=== What the task requires ===
Exact wording is required: transcribe all the entries and leave the images out.

- - - - - - -

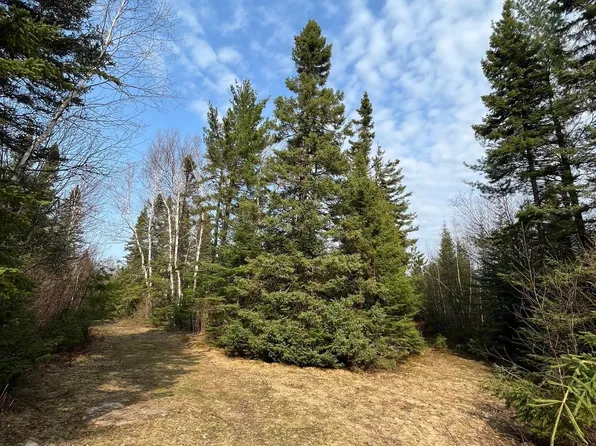 Rocky Top Trl, Hovland, MN 55606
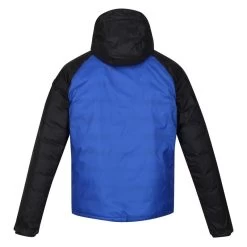 Regatta Radnor Homme Randonnée Veste - Bleu Noir -Vêtements De Sport Extérieur radnor homme randonnee veste bleu noir 3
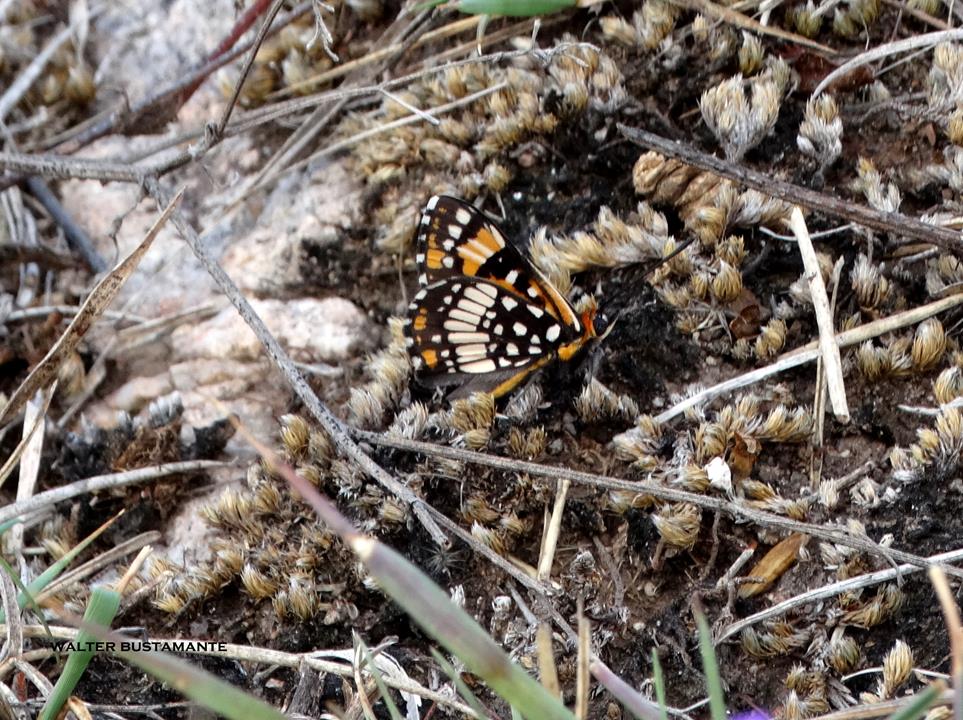 Foto Cuello-rojo Naranja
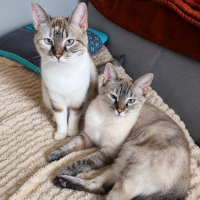 Photo de Mochi et Squishy
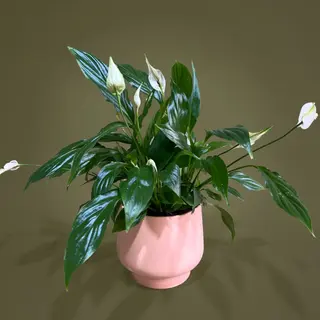 Spathiphyllum cu ghiveci de ceramica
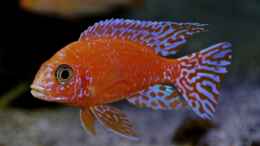 aquarium-von-cruiser-bruno-klein-malawi-in-berlin_Aulonocara Firefish Bock 1
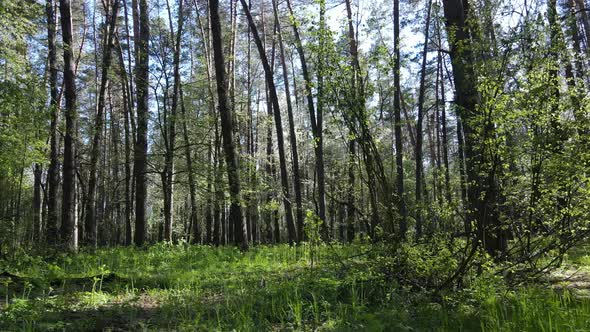 Green Forest During the Day Aerial View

- - - - - - -

=== Written answer ===
 Rocky Top Trl, Hovland, MN 55606
 Regatta Radnor Homme Randonnée Veste - Bleu Noir -Vêtements De Sport Extérieur radnor homme randonnee veste bleu noir 3
 Foto Cuello-rojo Naranja
 Photo de Mochi et Squishy
 Spathiphyllum cu ghiveci de ceramica
 aquarium-von-cruiser-bruno-klein-malawi-in-berlin_Aulonocara Firefish Bock 1
 Green Forest During the Day Aerial View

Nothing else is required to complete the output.